Team Briefing

Huddle Mode

A real-time voice conversation with Mem. Like calling an assistant who already knows your world.

Our goal: ship a real-time voice conversation with Mem that feels like calling a human assistant who already knows our whole world — fluent recall in the moment, brain-dump capture without blocking, and heavier work executed during and after the call via the agent's full tool set.

How to read this: top sections are the briefing; lower sections add depth. The async execution model (the pillar we get into next) is the non-obvious crown jewel of this concept — we should make sure we've all internalized it before we start scoping.


TL;DR

Why this matters

Voice Mode today is well-received but constrained — we can only use it inside a specific note, and it can really only create or edit content within that note. What users actually want is to use their voice to interact with their entire Mem — not just a single note they're already sitting inside.

Huddle is the up-level: voice as the interaction surface for the whole product, not a dictation helper inside one file. Another way to say it: we already have great value propositions (Mem Agent's search + research + memory, Mem Chat's conversational intelligence, proactive recall via Heads Up); Huddle is the medium that exposes all of that through a new modality.

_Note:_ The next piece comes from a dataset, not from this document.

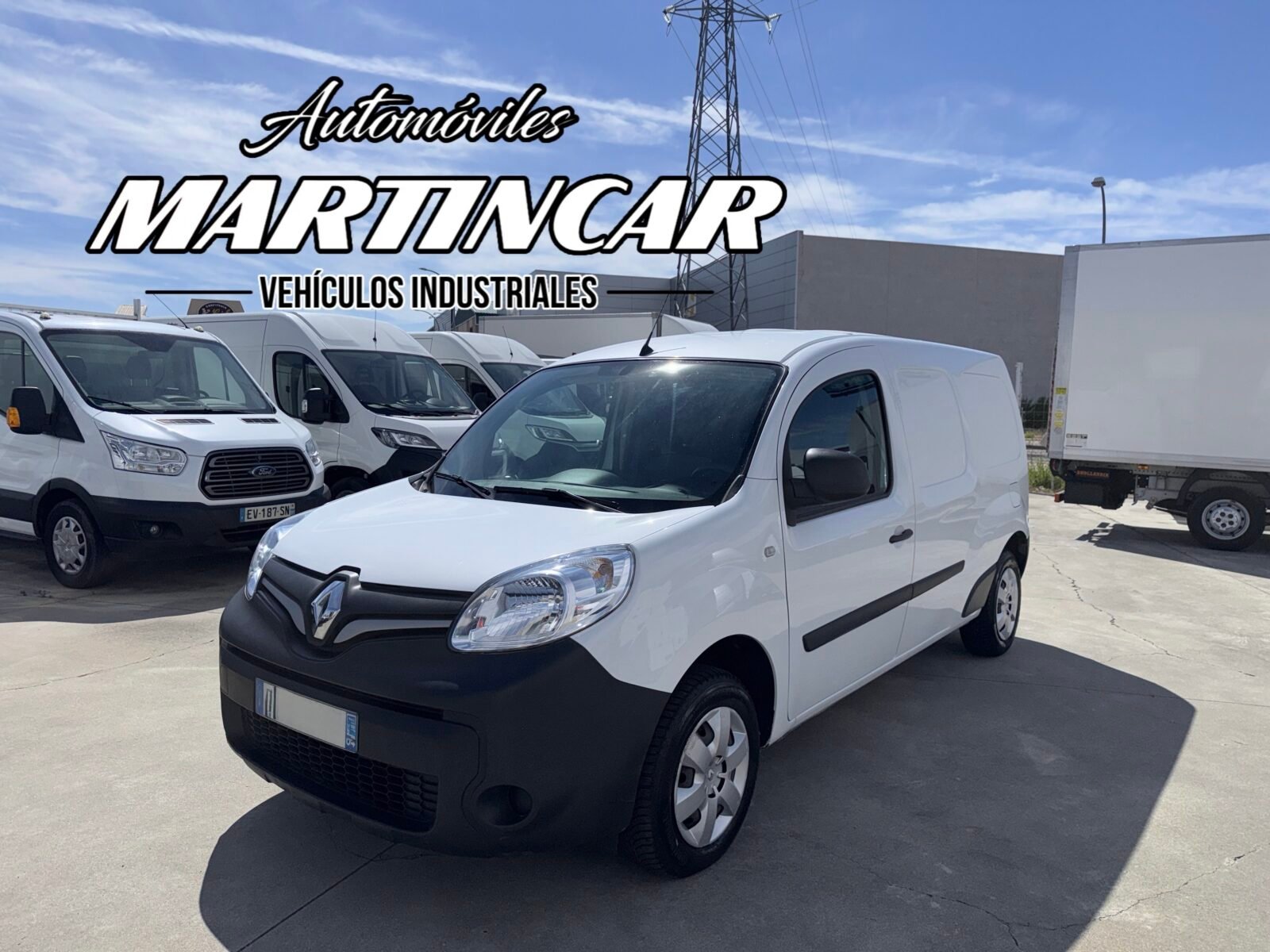 RENAULT KANGOO maxi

Becoming multimodal is how we meet the user where they are — driving, walking between meetings, running errands, AirPods in.

The ICP skews toward busy operators whose work happens in motion. Voice is the interaction pattern that fits their life. A real-time conversation with an AI that already knows their world is dramatically higher-bandwidth than typed chat, and completely different from any generic voice assistant they've used.

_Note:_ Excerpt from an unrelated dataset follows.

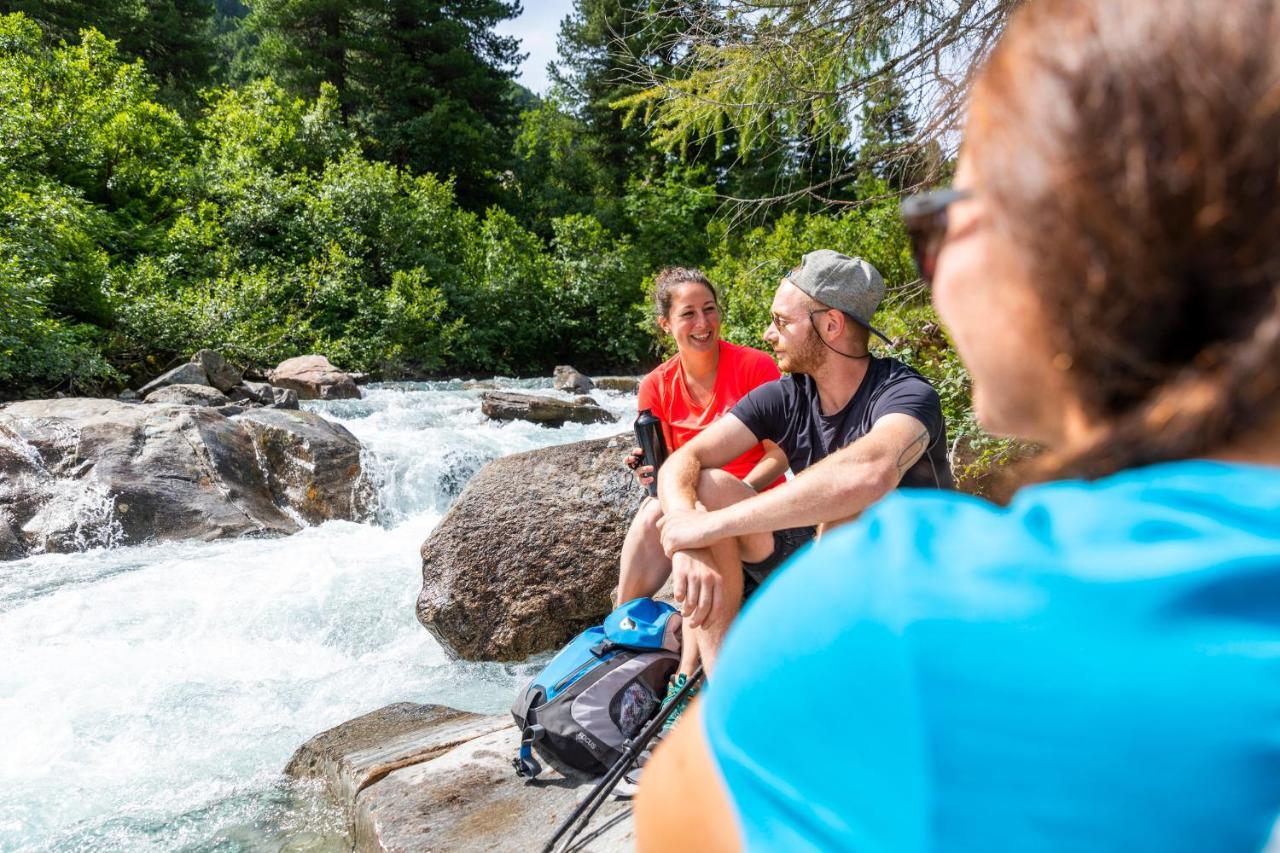 Kallis Appartement Mayrhofen Eksteriør bilde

The pillar that makes Huddle different: async execution

This is the single most important concept for us to get right. Most voice assistants feel robotic because the conversation is gated on work completion — you ask, it pauses to "think," then it responds. Huddle inverts that.

The model:

  1. During the huddle, the conversation is synchronous and flowing.
  2. When we ask for something non-trivial ("Consolidate all my Europe trip notes into one plan"), Mem reacts to the idea conversationally and queues the task silently in the background.
  3. The conversation continues — no awkward pause, no "processing…"
  4. The huddle engine keeps running after the call ends, executing queued work with proper thinking time.
  5. Results arrive asynchronously — via Mem Agent messaging us when it's done.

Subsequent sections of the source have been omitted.